§ **Provided data**
--------

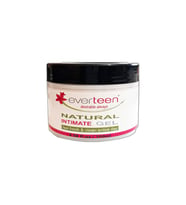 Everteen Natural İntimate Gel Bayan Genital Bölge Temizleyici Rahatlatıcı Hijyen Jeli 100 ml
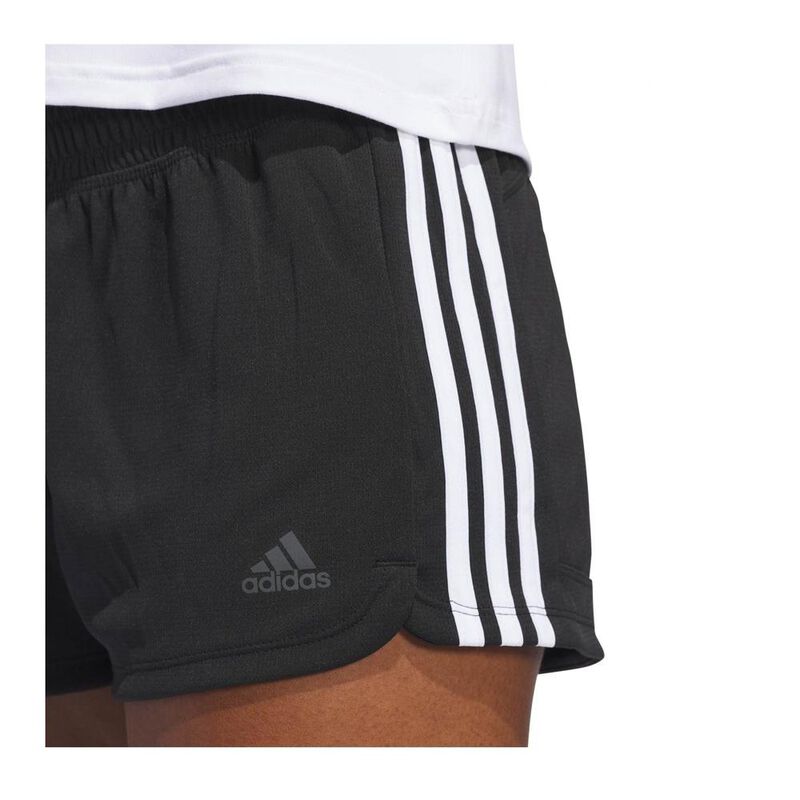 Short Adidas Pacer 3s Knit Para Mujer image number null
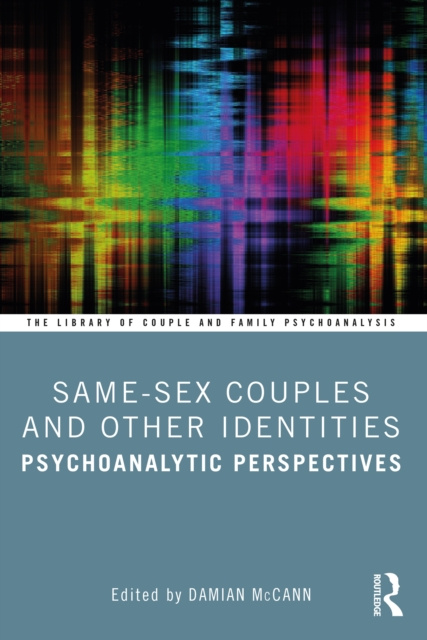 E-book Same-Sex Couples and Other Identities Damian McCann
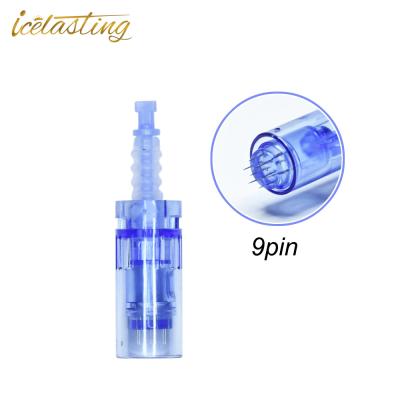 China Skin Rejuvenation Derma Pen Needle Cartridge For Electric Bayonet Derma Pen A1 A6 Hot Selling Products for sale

--------

Images are to be omitted; repeat the remaining data above exactly.

 Everteen Natural İntimate Gel Bayan Genital Bölge Temizleyici Rahatlatıcı Hijyen Jeli 100 ml
 Short Adidas Pacer 3s Knit Para Mujer image number null
 E-book Same-Sex Couples and Other Identities Damian McCann
 China Skin Rejuvenation Derma Pen Needle Cartridge For Electric Bayonet Derma Pen A1 A6 Hot Selling Products for sale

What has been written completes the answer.